=== Task instructions ===
All entries must be given again exactly as written.

=== Information shown ===
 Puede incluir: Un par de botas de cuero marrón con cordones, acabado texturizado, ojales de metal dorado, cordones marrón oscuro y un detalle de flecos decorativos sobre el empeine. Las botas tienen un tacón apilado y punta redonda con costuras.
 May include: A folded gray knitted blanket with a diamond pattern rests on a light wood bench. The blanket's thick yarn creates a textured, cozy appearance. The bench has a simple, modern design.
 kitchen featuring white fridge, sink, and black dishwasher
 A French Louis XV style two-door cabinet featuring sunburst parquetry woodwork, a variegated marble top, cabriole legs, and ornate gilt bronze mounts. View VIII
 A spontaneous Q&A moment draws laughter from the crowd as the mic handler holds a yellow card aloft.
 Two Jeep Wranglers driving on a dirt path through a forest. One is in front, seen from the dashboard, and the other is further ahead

=== Reply ===
 Puede incluir: Un par de botas de cuero marrón con cordones, acabado texturizado, ojales de metal dorado, cordones marrón oscuro y un detalle de flecos decorativos sobre el empeine. Las botas tienen un tacón apilado y punta redonda con costuras.
 May include: A folded gray knitted blanket with a diamond pattern rests on a light wood bench. The blanket's thick yarn creates a textured, cozy appearance. The bench has a simple, modern design.
 kitchen featuring white fridge, sink, and black dishwasher
 A French Louis XV style two-door cabinet featuring sunburst parquetry woodwork, a variegated marble top, cabriole legs, and ornate gilt bronze mounts. View VIII
 A spontaneous Q&A moment draws laughter from the crowd as the mic handler holds a yellow card aloft.
 Two Jeep Wranglers driving on a dirt path through a forest. One is in front, seen from the dashboard, and the other is further ahead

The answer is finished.